Web page caption snippets
◆ ◆ ◆ ◆ ◆
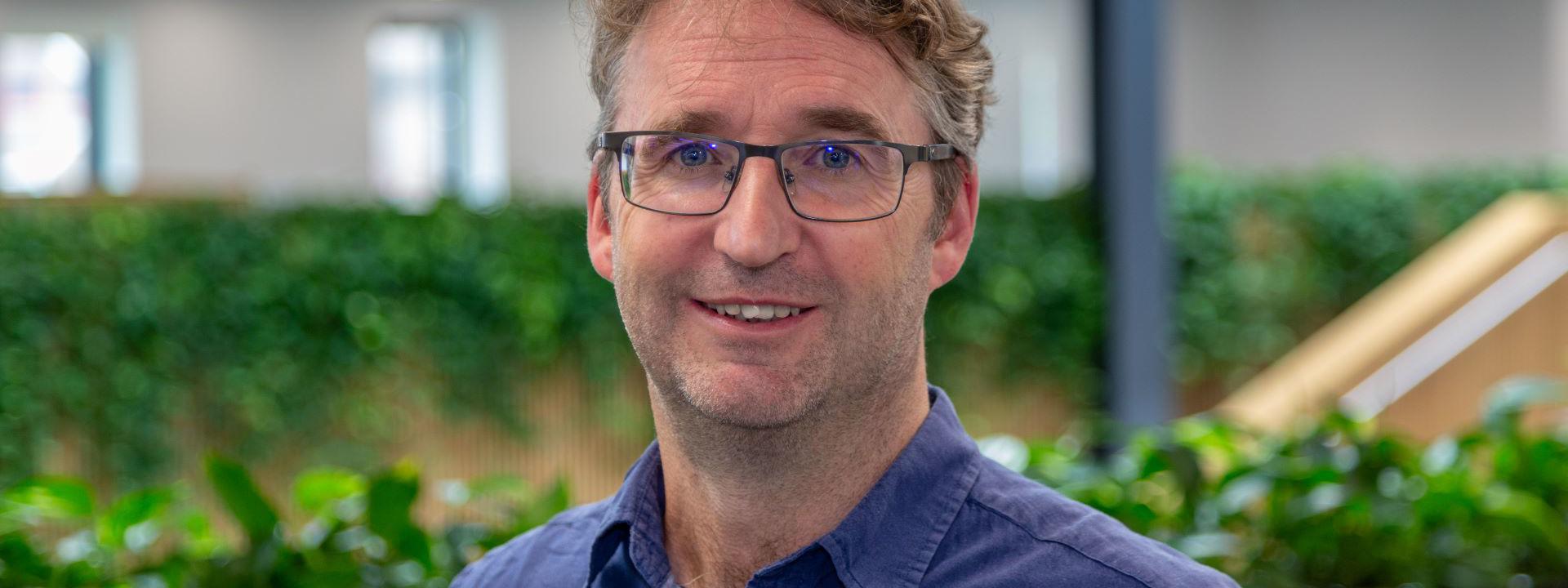 A man with wavy light brown hair, wearing glasses and a blue collared shirt, smiles warmly.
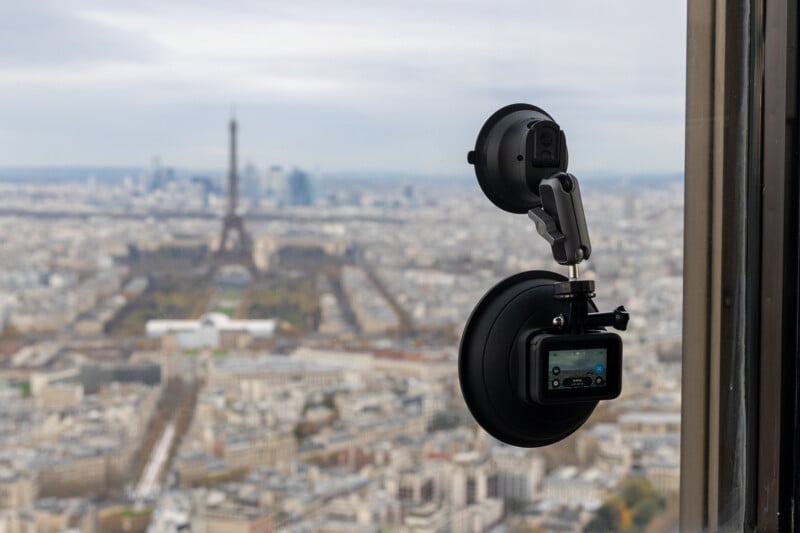 A small camera with suction mounts is attached to a window, filming a cityscape with the Eiffel Tower in the background on a cloudy day.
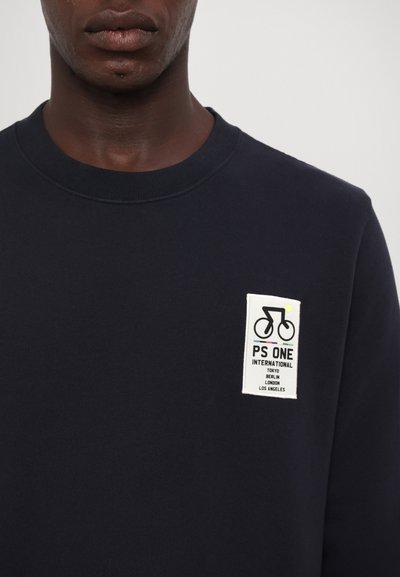 Laivansininen collegepaita, joka on valmistettu puuvillasta ja jossa on pyöreä kaula-aukko sekä suorakulmainen valkoinen läiskä, jossa on polkupyöräkuva ja useita kaupunkinimiä.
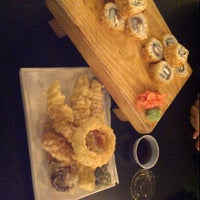 Photo taken at Inoko Sushi Express by Giovanna F. on 1/31/2012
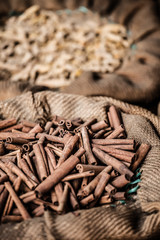 Spices and herbs in bags at market in India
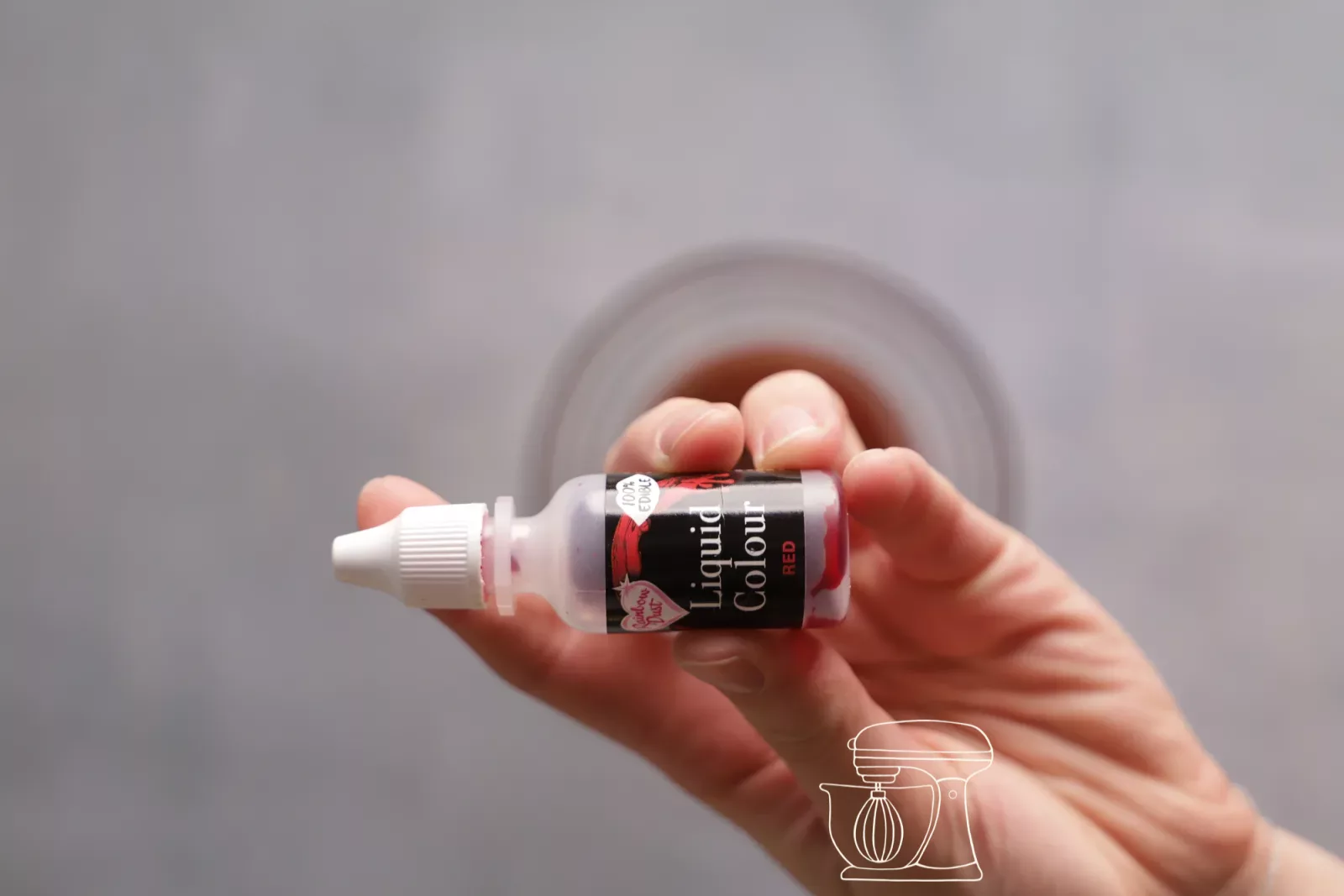Red airbrush color is added drop by drop into the mixture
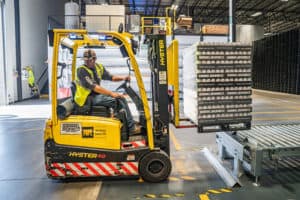 PErson using a forklift in warehouse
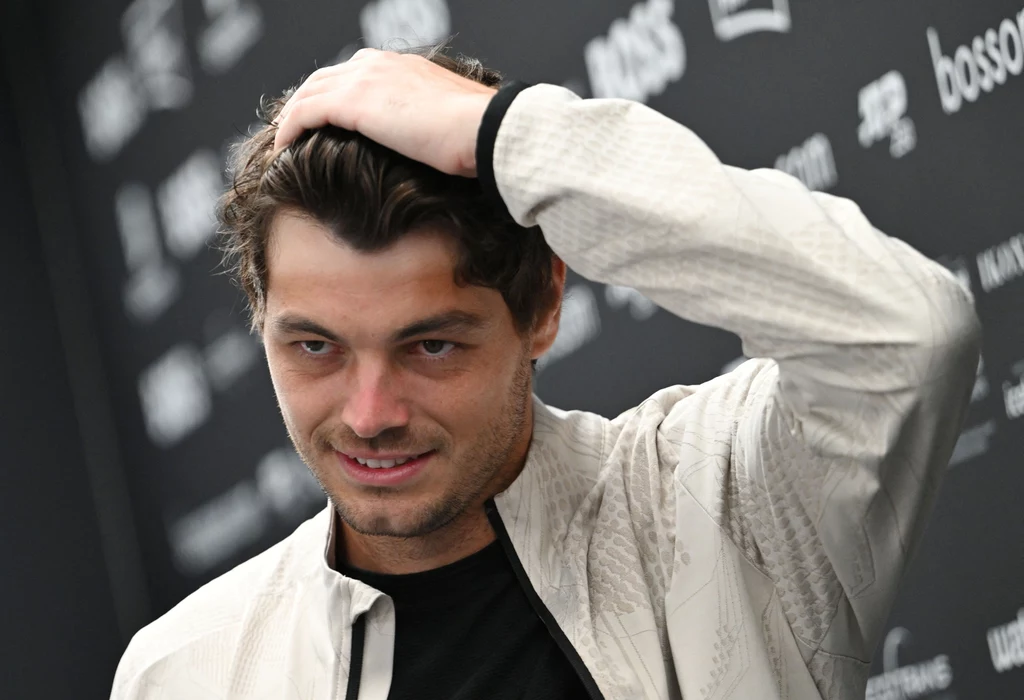 Taylor Fritz Mężczyzna w jasnej kurtce poprawiający włosy na tle czarnej ścianki z logo i napisami.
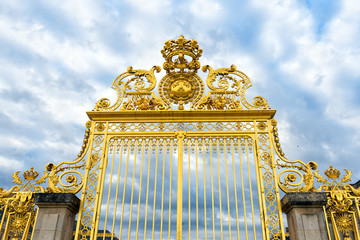 Versailles palace golden entrance,symbol of king louis XIV power, France.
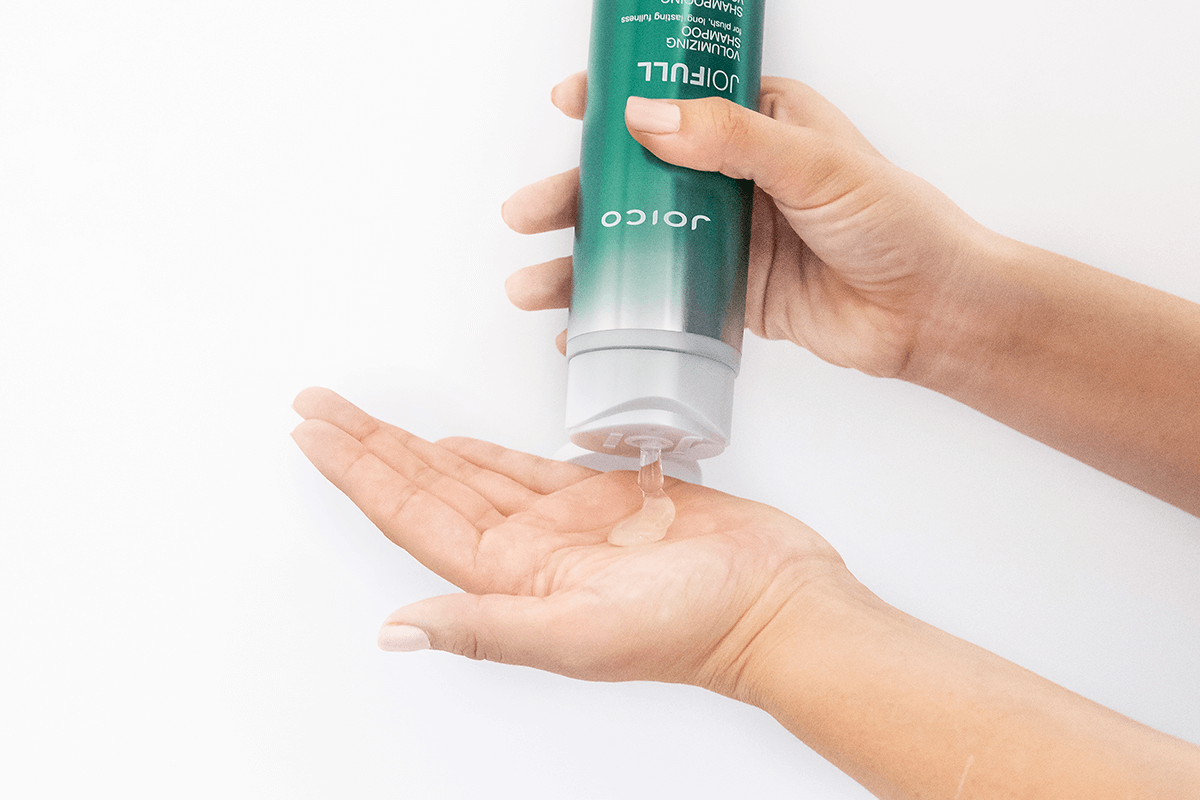 joico-shampoo-in-hand joico Joifull shampoo bottle squeezing into hand
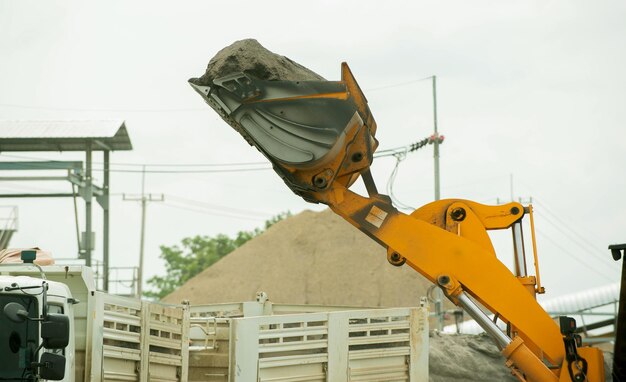 Photo sand loaders are shoveling rocks into dump trucks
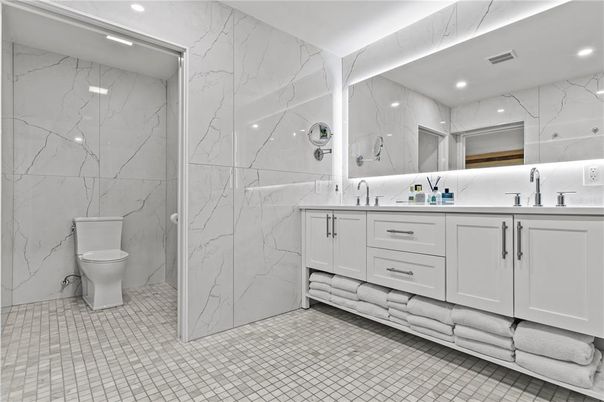 Bathroom, Dual Sink Vanities, Interior, Marble Walls, Recessed Lighting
◆ ◆ ◆ ◆ ◆
Assignment: I'd like the lines above repeated exactly, from the one that contains "A small camera" through the one that contains "Taylor Fritz Mężczyzna", with no pictures.

Written answer:
 A small camera with suction mounts is attached to a window, filming a cityscape with the Eiffel Tower in the background on a cloudy day.
 Laivansininen collegepaita, joka on valmistettu puuvillasta ja jossa on pyöreä kaula-aukko sekä suorakulmainen valkoinen läiskä, jossa on polkupyöräkuva ja useita kaupunkinimiä.
 Photo taken at Inoko Sushi Express by Giovanna F. on 1/31/2012
 Spices and herbs in bags at market in India
Red airbrush color is added drop by drop into the mixture
 PErson using a forklift in warehouse
 Taylor Fritz Mężczyzna w jasnej kurtce poprawiający włosy na tle czarnej ścianki z logo i napisami.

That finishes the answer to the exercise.